LL: The criticism on QE2 is mounting. How will this impact the G-20?

JR: I can not believe how quickly the United States has gone from victim to villain in the currency wars.

Six months ago the United States had sympathy—China was a currency manipulator holding their currency artificially low and the U.S. was suffering and all of a sudden that has turned completely around. Much of the world, including, China, India and Brazil Russia, Europe and others are saying no, you, the United States are the currency manipulator. Because all China ever did was to say we'll peg to the dollar and in effect outsource our monetary policy to the United States and rely on the United States to doing the "right thing".

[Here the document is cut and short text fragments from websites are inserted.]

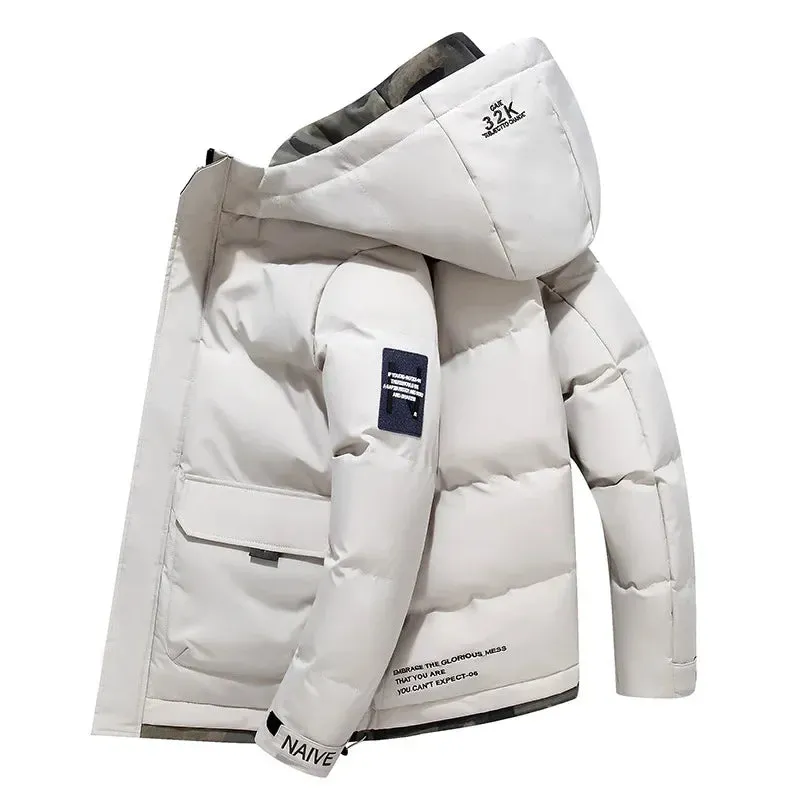Vin™ - Solid Hoodie Jacket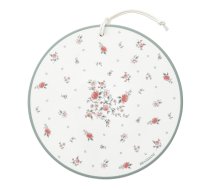 Piekarināma porcelāna dekorācija Brandani Nonna Rosa, ø 20 cm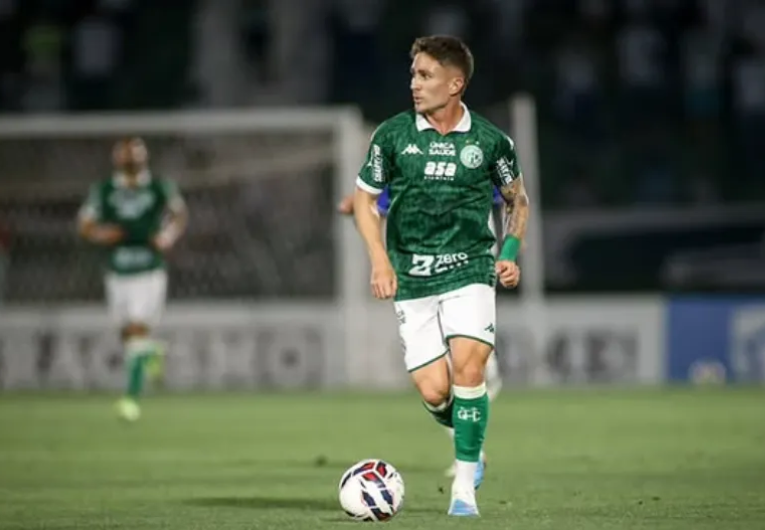 imagem da materia: Guarani pode ter reforços importantes contra o Volta Redonda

Well, the United States thought doing the right thing was not in their best interest. Instead they cheapened the dollar and started doing QE1 and QE2 etcetera and doing anything to destroy the dollar. This is going to put President Obama and Secretary Geithner in a difficult position when they go to the G-20. They will be playing defense, not offense this time.

LL: You've got two different camps when it comes to deficit and spending—the Ron Paul's and the Krugman's of the world—who's right?

JR: I think Ron Paul is closer to common sense and what has worked historically than Paul Krugman. Krugman is all about Keynesianism, which is based on deficit spending by the government under the premise that it can be a good thing because for every dollar of spent you can get a larger number like a dollar thirty or dollar fifty of GDP. The problem is, there's no empirical support for that at all.

There is a lot of rigorous research on this be it from the IMF, Robert Barro of Harvard, John Taylor and his colleagues at Stamford, that says the Keynesian multiplier is not more than one.

In fact, in some cases it is as low as zero or even negative in some cases. The range is 0.4 to 0.7 which means every dollar the government takes from the private sector and spends, you're only going to get 40 to 60 cents of GDP which means it actually destroys wealth. Because remember, the dollar is not free.

You have to take it from the private sector in order for the government to spend it. There is no foundation to what Krugman is saying so he had to resort to name calling. He can't write a column without calling someone a Neanderthal or barbarian or now he's calling Robert Zoellick the stupidest person on earth. I think when you call someone names it's really a reflection on yourself rather than the person you are making fun of.

Ron Paul is looking for some variation of the Gold Standard which Zoellick spoke about in his recent op-ed. And Zoellick said let's not go to the Gold Standard tomorrow, let's study it and consider it. I agree. You need to study it. Many gold aficionados think you can switch over to the Gold Standard in a snap. Well you can't.

Remember, it took ten years of rigorous research to do the Euro. Europe actually set up a dedicated think tank just to solve the technical problems of moving to the Euro. Going to a gold standard would require the same kind of thought. You need to look at what price should you peg it to, what's your definition of money supply for purposes of the peg, what kind of open market operations are you going to run and number four, what fractional reserve do you want behind it?

And they all relate to one another because more of one, could mean less of another. These are really technical things that ought to be studied. That's what Zoellick is calling for and I completely endorse that.

LL: Do you think the dollar's days are numbered?

JR: I think the dollar's days are numbered if we keep going down the path of quantitative easing. If Bernanke keeps printing money as far as the eye can see then yes, there's a serious risk of the complete collapse of the dollar.

But the dollar's days may not be numbered. In fact, the dollar may bounce back very strongly if we can go to some sort of gold standard.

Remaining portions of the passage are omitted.